Du 23 juin au 23 juillet 2020, Part Two: The moon nearly at the full. The team horse goes astray (2019), un film de Rosalind Nashashibi, avec la participation d'Elena Narbutaitė, accessible en ligne dans le cadre du programme Windows (18 rue du Château).

The moon nearly at the full. The team horse goes astray, c’est la suite d’un seul et même projet initié en 2017, un film qui se transformerait directement avec Rosalind Nashashibi et ses ami·e·s, ses proches qui figurent à l’écran, en dialogue avec un récit de science-fiction.

The team horse goes astray, c’est la réponse aux conversations entretenues par Elena et Rosalind durant la première partie. «Comment la vie peut-elle être façonnée, formée, questionnée? Jouée et être réelle», écrit Elena.(1)

C’est le moment où la perte de linéarité évoquée par la parole commence à se faire sentir sur les corps. C’est le cheval d’équipe qui s’égare, la mission qui tourne peut-être à l’échec tout en gardant les yeux vers l’avant, vers un horizon, vers la neige qui va tomber.

Avant ma naissance
Le lilas était en fleurs

[Vous le connaissez?]
Et à ma mort
Il s’épanouira comme jadis
Au soleil comme au vent
Les pétales s’envoleront
S’éparpilleront comme du sable
En recouvrant mon cœur.

Ce poème énoncé dans le film est écrit par la poète lituanienne Salomėja Nėris. Lorsque je prends contact avec Elena pour lui proposer cet échange avec Rosalind, il y a cette coïncidence, elle recherchait les mots exacts de ce poème et notre proposition arrivait naturellement dans la continuité de ses pensées.
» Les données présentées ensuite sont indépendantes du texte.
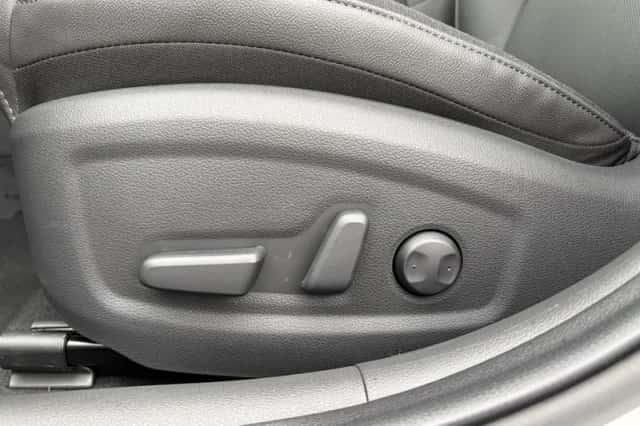 Hyundai i30 (2026) thumbnail 24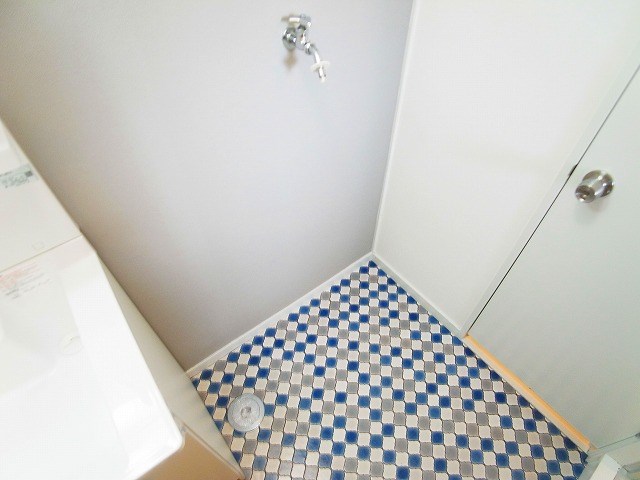 源七第二コーポラス その他6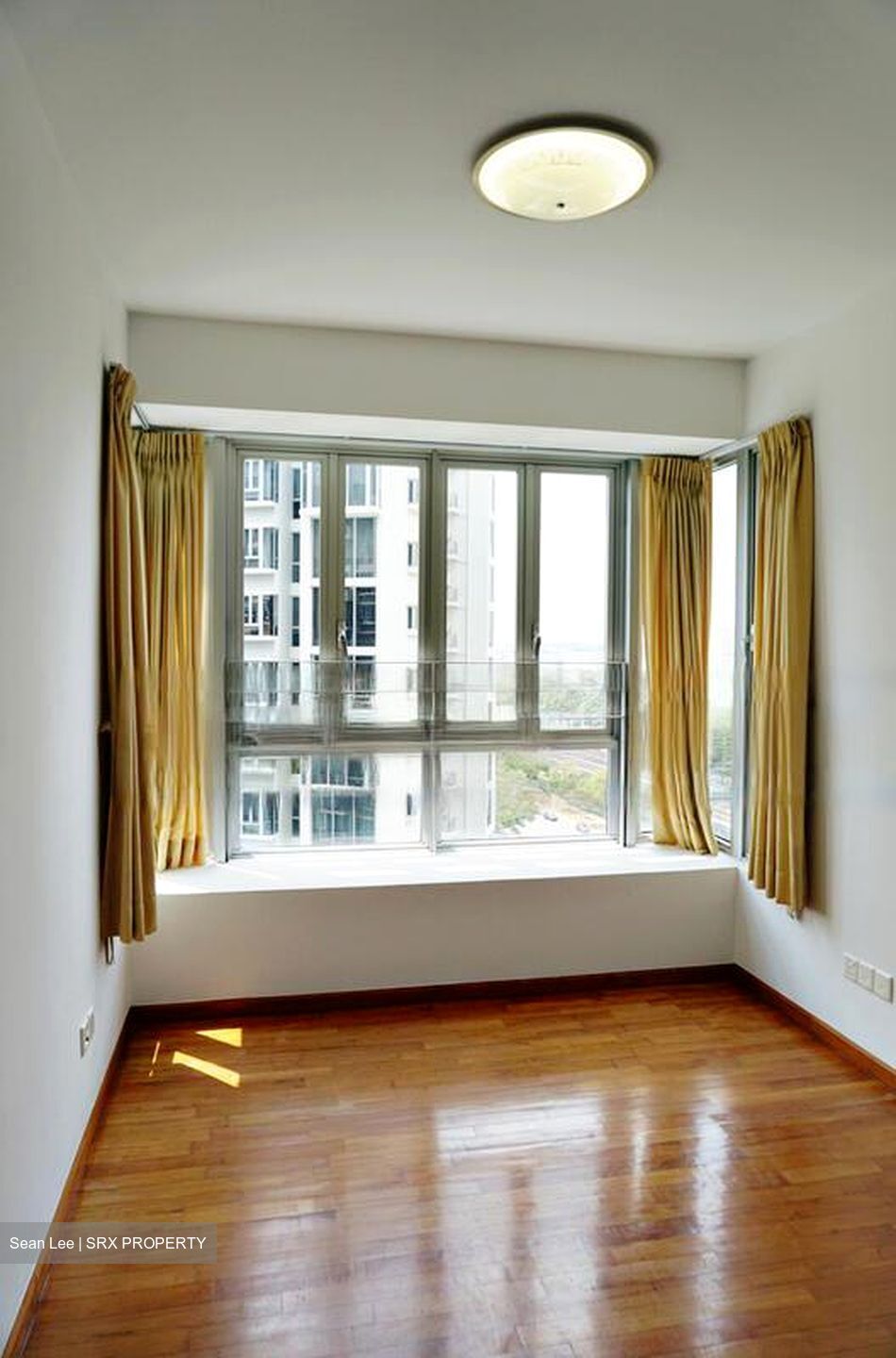 Grandeur 8 (D20), Condominium #556010861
Le relisant, je pense à une œuvre d'Elena dans l'exposition Between Ears, New Colours: Sun, un laser réalisé avec la complicité de scientifiques projetant un faisceau invisible qui au contact d'un mur se propage en un point solaire. Mes yeux perçoivent une brume, une matière lumineuse faite de points indistincts, une surface neigeuse: "Snow is coming". Cet état de latence dans le film de Rosalind s'approche de l'état dans lequel je me trouve lorsque j'observe le laser d'Elena.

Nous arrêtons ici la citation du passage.